Mary’s life was full, but was not free from trials. When Mary consents to be found with child through the Holy Spirit she is uncertain of what will happen to her, but she trusts in God. She does not know how she and her husband will get by as poor immigrants in foreign country, but she continues to trust. Mary’s response to every trial in life, even to the death of her son, is to trust in God. Despite men’s sins, she trusts in God as the Lord of history, that He casts down the proud and mighty from their throwns and raises up the lowly.
Pilate is indifferent to Christ, and he consents to sending Him to the cross, but Mary is wholly devoted to Christ, and she consents to share in His Passion. Pilate’s heart is hardened despite Christ’s Passion, while Mary’s heart is pierced by it.
Governor Pilate was once the most powerful man in Judea, but where is he now? Mary, the poor widow, is now our glorious queen, the most beautiful and powerful woman in heaven or earth, and through her reign she draws millions to Christ our king.

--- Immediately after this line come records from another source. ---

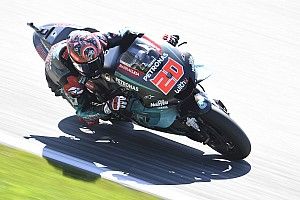 Quartararo lidera la 1° práctica y Lorenzo es último en Silverstone
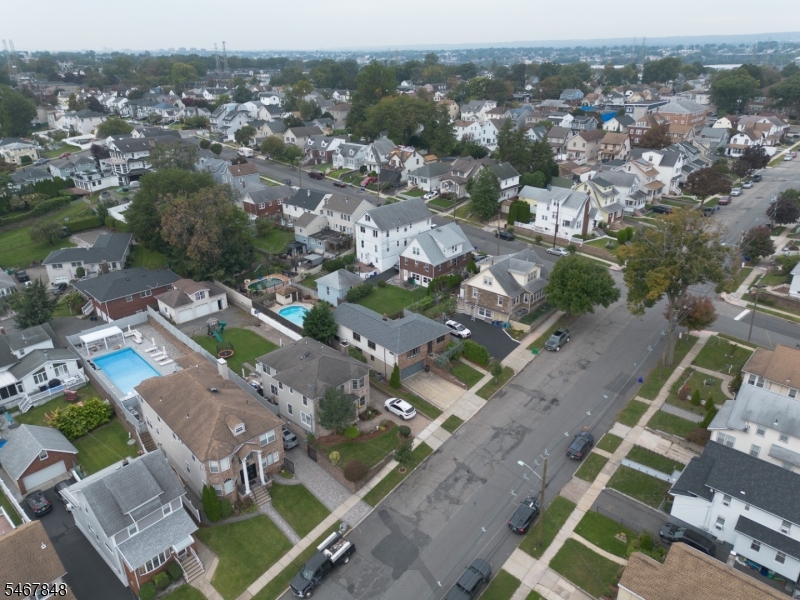 664 Teneyck Avenue Lyndhurst NJ 07071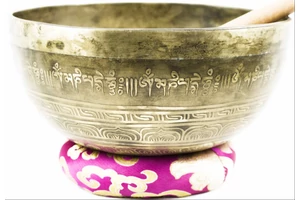 1200 grammos Csenrézivel gravírozott tibeti mantrás hangtál 7 fémből pink brokáttal és ütővel - videoval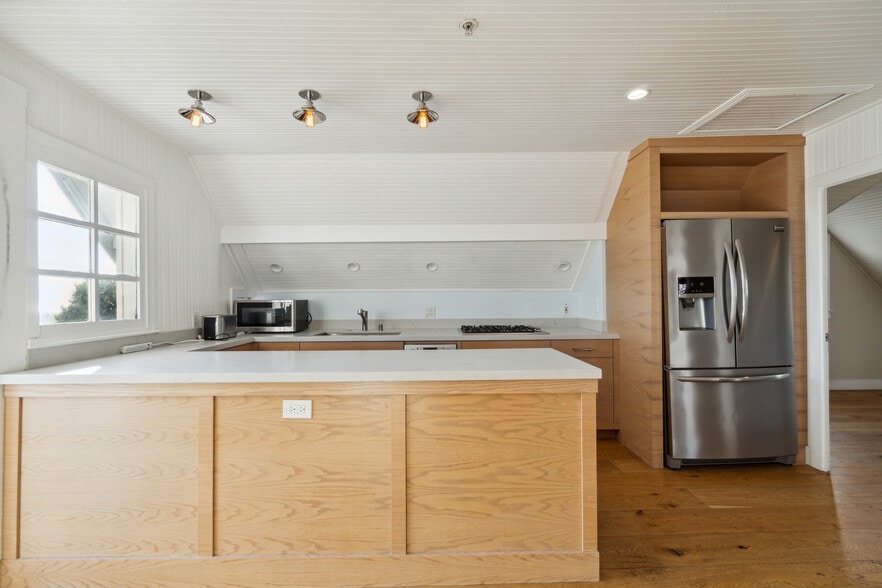 More Photos Of 523 Ocean Front Walk, Venice Storefront Retail Office For Lease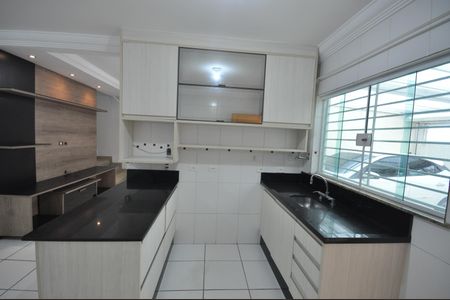 Casa para alugar com 135m², 2 quartos e 2 vagasCozinha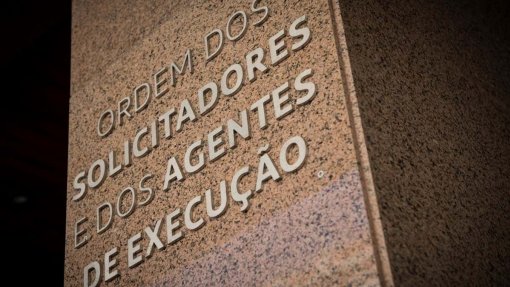 COVID-19: Ordem dos Solicitadores emite recomendações para salvaguar profissionais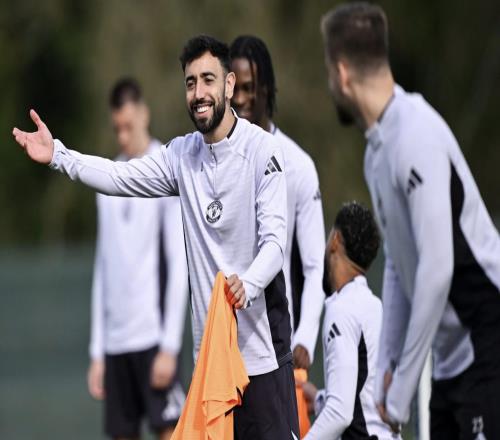 電訊報：卡里克給曼聯(lián)更衣室內(nèi)最有話語權(quán)的球員留下了好印象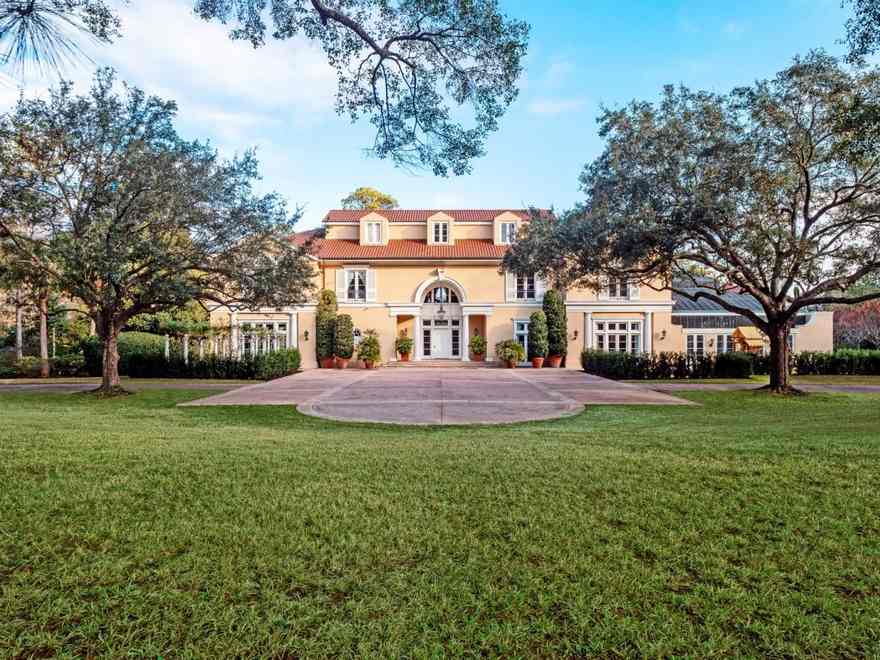 Step inside the luxury Houston estate of legendary real estate developer, Gerald D. Hines &ndash; on sale for $34.5 million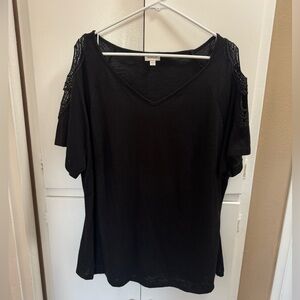 Avenue Size 20 Black Cold Shoulder Top NWOT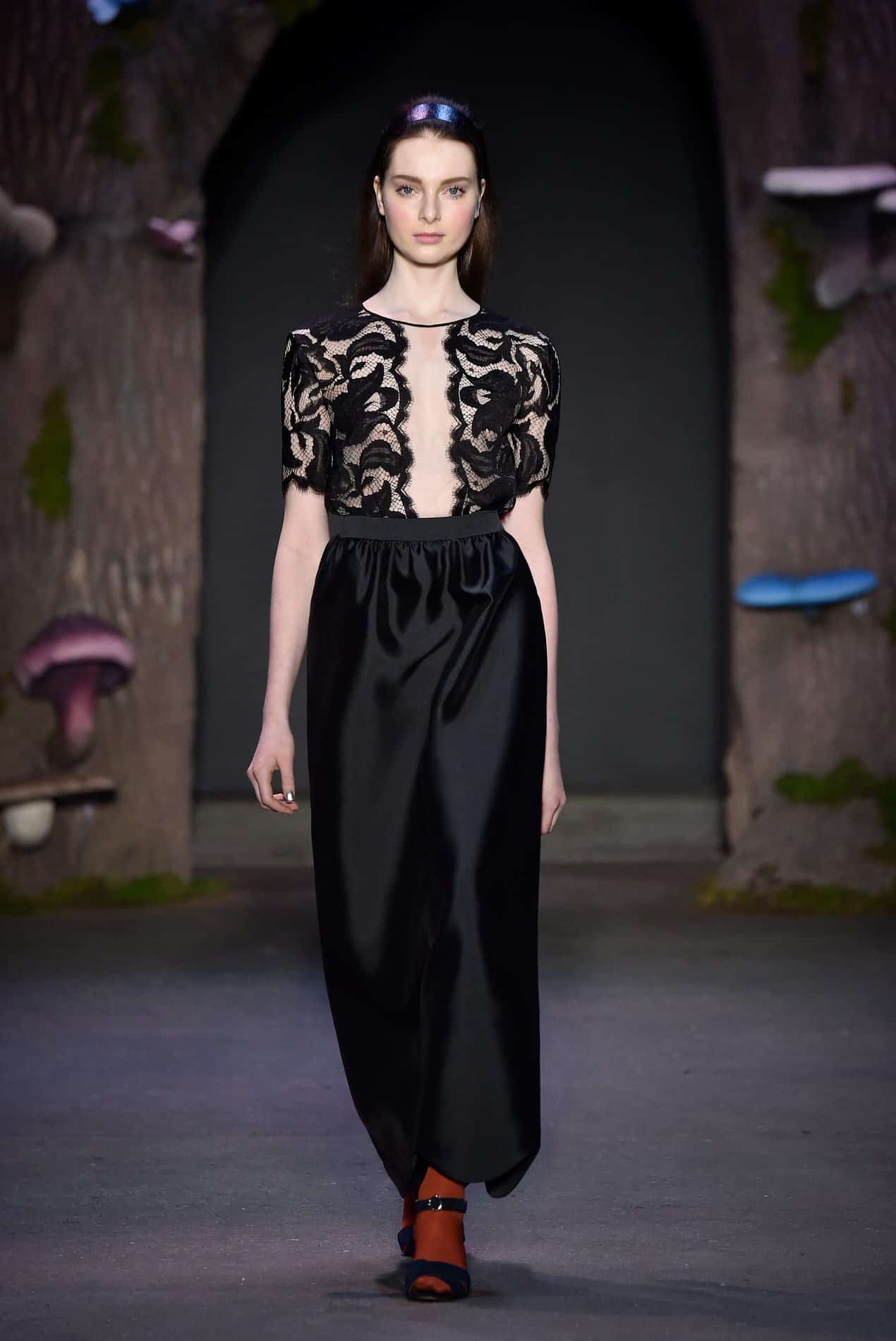 Look 29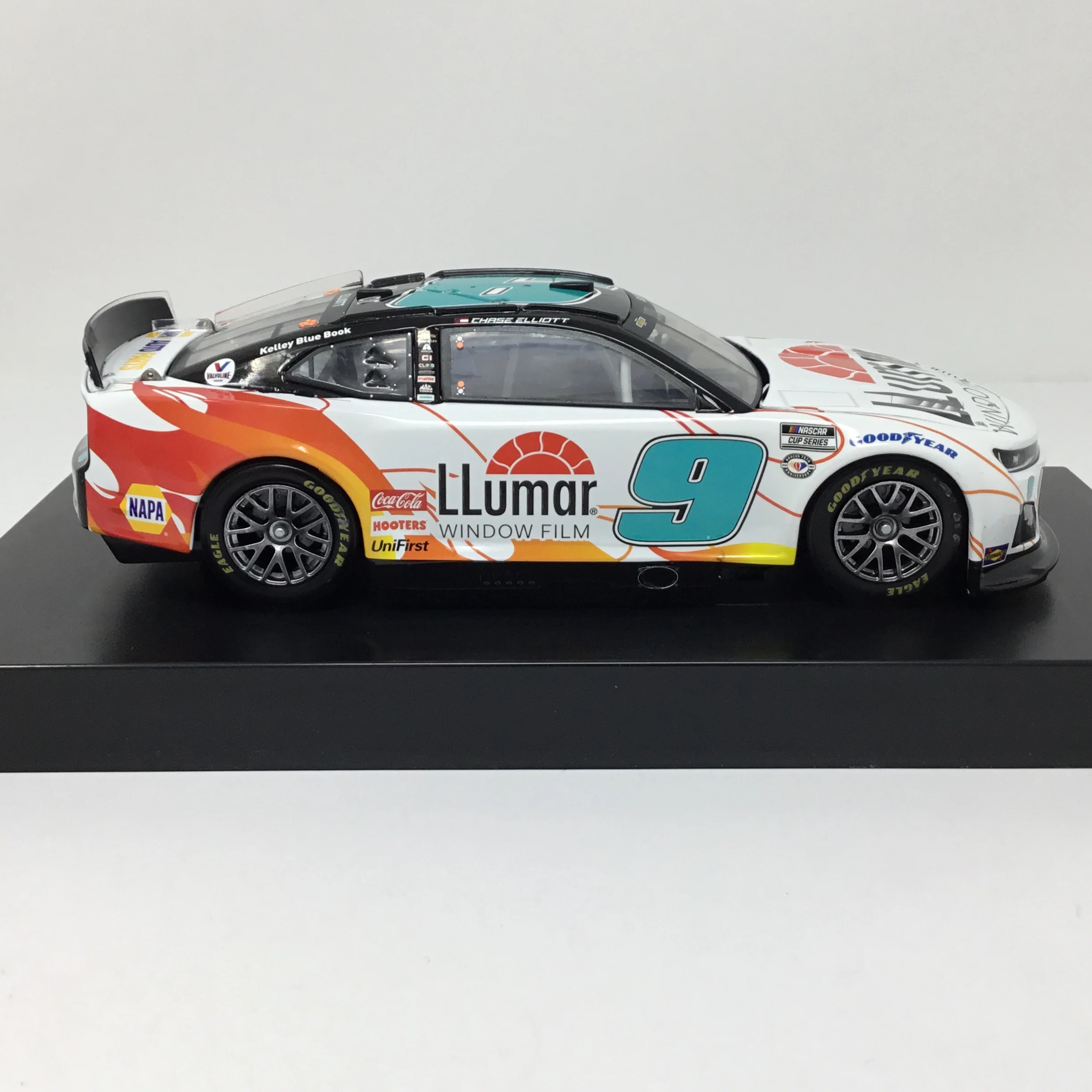 Chase Elliott 2023 Llumar 1:24 Elite Diecast - Image 4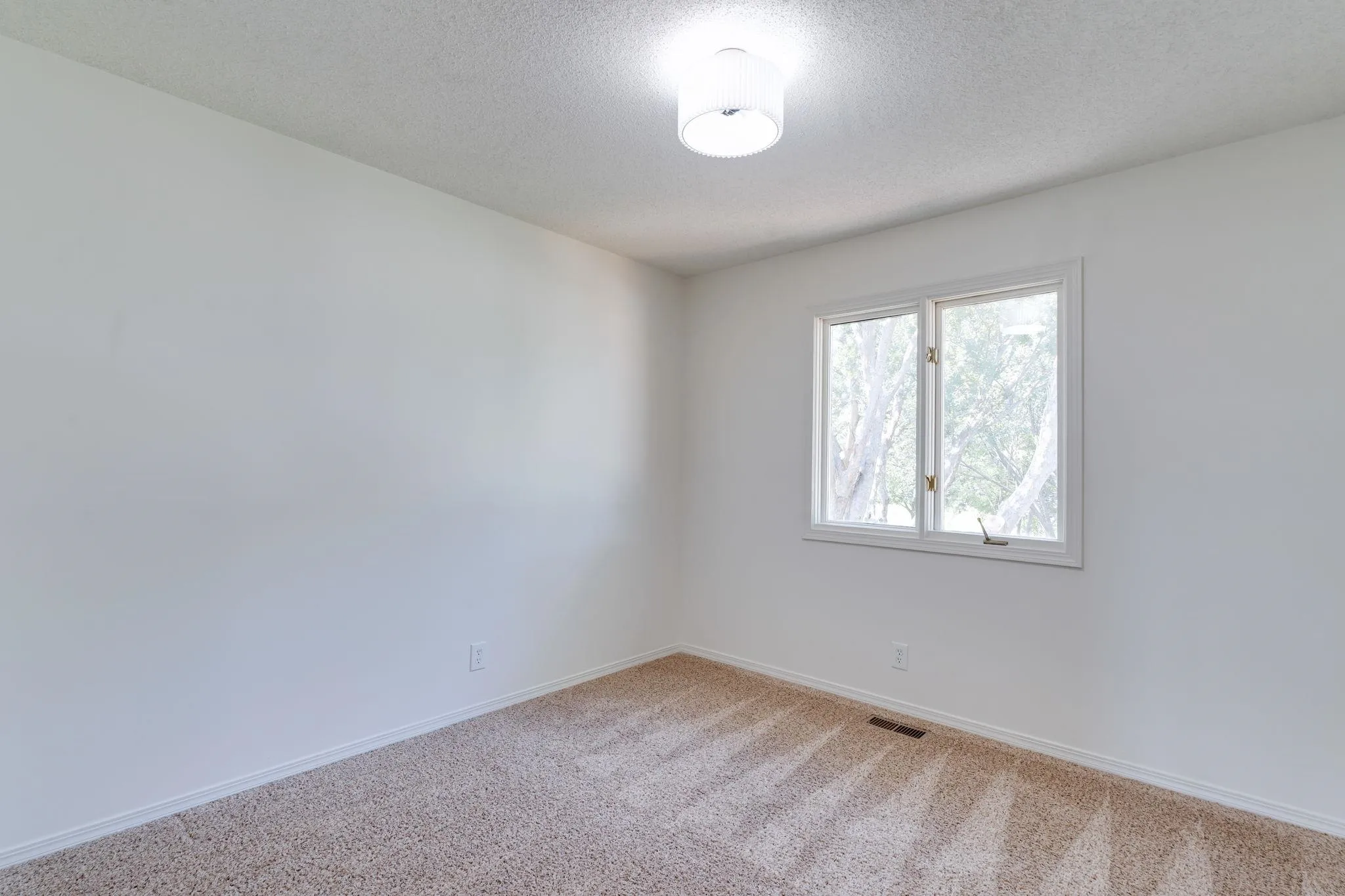 Wichita, Kansas 67212, United States, 6 Bedrooms Bedrooms, ,4 BathroomsBathrooms,Residential,Active,209043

She is the one who wept and now laughs.
He is the one who laughed and now weeps.
He was rich in the world and now he is poor.
She was poor in the world and now the kingdom is hers.
He took root in the desert, he was barren and uprooted.
But she was planted beside the flowing waters, she endured and bore much fruit.
So what do all of these reflections about Mary and Pilate have to do with us? I promised you at the beginning a second good reason why Mary and Pilate are mentioned in the creed; and here it is: Mary and Pilate represent us. They stand as archetypes, models or patterns, for every person.
The faithful one and the faithless one.
The one who serves God and the one who serves himself.
The one who gives Christ life and the one who puts him to death.
We live our daily lives as either Mary or Pilate, with shades of the other thrown in. As we come to the season of Lent, let us examine and discern who we are. “How am I Pilate, and how am I Mary?” And at this Eucharist, let us ask Jesus to exchange in us the ways of Pilate for the ways of Mary, for hers is the way of Christ.